New on the County Channel

In this first episode of the County’s new show “One on One,” we delve deeper into the issue of homelessness and talk with Cheri Todoroff, director of the Homeless Initiative. From encampment resolutions to new housing, she breaks down what’s driving the crisis and what County leaders are doing to address it.

You can watch more stories like this on Channel 92 or 94 on most cable systems, or anytime here. Catch up on LA County Close-Up here.

In Case You Missed It

Register to Vote

Los Angeles County Registrar-Recorder reminds you to register to vote by visiting LAVOTE.GOV

Be sure to re-register if you change your name, address, or political preference. Check your voter registration online at LAVOTE.GOV/VRSTATUS

For additional information:

Voter registration for people experiencing homelessness

Voters with a criminal history

Pre-registration for voters under 18

At Your Service

Hiring Fair for Youth!

Looking for a job? Interested in exploring career options? Come to the first-ever Youth Expo for youth and learn about different careers and job opportunities that are available. Companies will be on-site to offer resources, discuss job opportunities, and provide feedback and valuable information on how to get hired! Don’t forget to bring several copies of your resume and right to work documents.

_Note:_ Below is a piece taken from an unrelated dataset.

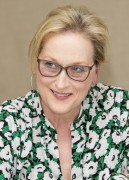   Мэрил Стрип (Meryl Streep) 'Florence Foster Jenkins' Press Conference by Armando Gallo, July 11 2016 (43xUHQ) 6e040b524405105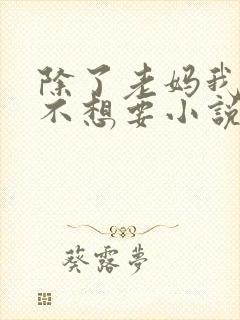 除了老妈我谁也不想要小说免费阅读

Date: Friday, September 29, 2023

Time: 10 am – 2 pm

Location: East San Gabriel Valley AJCC at Hacienda La Puente Adult School, 14101 E. Nelson Ave. La Puente, CA 91746

Out and About

Beach Clean Up

In celebration of Coastal Cleanup Day, LA County Beaches and Harbors is partnering with Supervisor Holly J. Mitchell and Heal the Bay to host a Beach Cleanup event at Dockweiler Beach. Our goal is to inspire and educate a new generation on how to create a more sustainable future!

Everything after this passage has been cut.